Saturday, November 24, 2012


I'm sorry to say that Thanksgiving just kind of sneaked up to me this year, so I didn't go through the trouble of preparing any type of theme week. Plus I have a whole bunch of name profiles to go through. But this is the time of year in which virtue names are brought up a lot. Could this one ever make a comeback?

Ernest is an English and German name that is derived from the Germanic word ernst, meaning "serious," "zealous," "firm," or "resolute." Some sources state that it also means "battle to the death." The vocabulary word is spelled earnest, which could also be used as a name, but usually the proper form drops the "a."

This name was introduced to England when the German House of Hanover inherited the throne from the House of Stuart during the 1700s.

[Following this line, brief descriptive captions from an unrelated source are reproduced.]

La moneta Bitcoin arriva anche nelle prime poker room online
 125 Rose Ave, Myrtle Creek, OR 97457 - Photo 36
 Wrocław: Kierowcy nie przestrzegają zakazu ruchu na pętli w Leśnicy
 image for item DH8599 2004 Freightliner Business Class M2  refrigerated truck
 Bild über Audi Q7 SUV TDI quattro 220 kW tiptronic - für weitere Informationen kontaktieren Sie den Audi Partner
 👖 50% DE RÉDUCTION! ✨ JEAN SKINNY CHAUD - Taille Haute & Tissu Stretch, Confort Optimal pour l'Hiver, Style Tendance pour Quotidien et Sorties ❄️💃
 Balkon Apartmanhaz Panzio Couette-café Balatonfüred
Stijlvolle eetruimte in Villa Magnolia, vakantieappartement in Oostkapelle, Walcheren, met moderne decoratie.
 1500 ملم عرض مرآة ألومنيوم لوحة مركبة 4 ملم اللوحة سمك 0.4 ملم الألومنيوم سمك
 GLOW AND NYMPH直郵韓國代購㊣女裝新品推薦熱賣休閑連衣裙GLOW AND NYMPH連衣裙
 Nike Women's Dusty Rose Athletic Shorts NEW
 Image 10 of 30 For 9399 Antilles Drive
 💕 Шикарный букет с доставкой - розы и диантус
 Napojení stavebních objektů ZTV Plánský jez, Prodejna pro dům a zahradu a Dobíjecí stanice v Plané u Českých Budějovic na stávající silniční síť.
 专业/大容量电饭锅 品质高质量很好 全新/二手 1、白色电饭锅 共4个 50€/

The name didn't become popular amongst regular people until the following century. The House of Hanover is still around or course, but their reign in England ended with the death of Queen Victoria. The current head of the House of Hanover is Prince Ernst August V. In fact, this name was used by royalty quite a lot. Mostly by Austrians and Bavarians.

In the olden days (definitely the 1920s and 1930s, I'm not sure how long this lasted) Ernest was slang for "homosexual." It came from the play The Importance of Being Earnest by Oscar Wilde, who was outed as a gay man when the play first came out. It's fascinating to watch old Hollywood movies that show characters named Ernest swishing about in the most effeminate way. Everyone was expected to get the joke. I'm not saying that to try to deter anyone, it's extremely dated slang and most people will not even be aware of it. I'm just saying that if you know people in the older set who are sneering at this name, this is probably why.

Americans are likely to associate this name with two famous namesakes. One of them is the author and explorer Ernest Hemingway, famous for works like For Whom the Bell Tolls and The Old Man and the Sea. If you have a son named Ernest, it's probably not a good idea to name his brother Albert, unless you don't mind the Sesame Street connection.

On the American charts, Earnest peaked in the 1890s at #24. It's never left the charts, but it has been steadily dwindling since then. It now rests at #851. I do have an "Uncle" Ernie (my grandfather's cousin), although his name was actually Ernesto, which now ranks at #490. Other variants include Ernestus and Erno. The female variant Ernestine has also gotten a lot of attention amongst name enthusiasts, and there is also Ernestina. Those peaked in the 1920s at #203 and the 1930s at #774, respectively.

I hate to say it, but Ernest sounds like a bumpkin to me. So it's not one of my favorites. But there's a chance that it'll become a big name again. Perhaps when my children start having children this name will be fresh again.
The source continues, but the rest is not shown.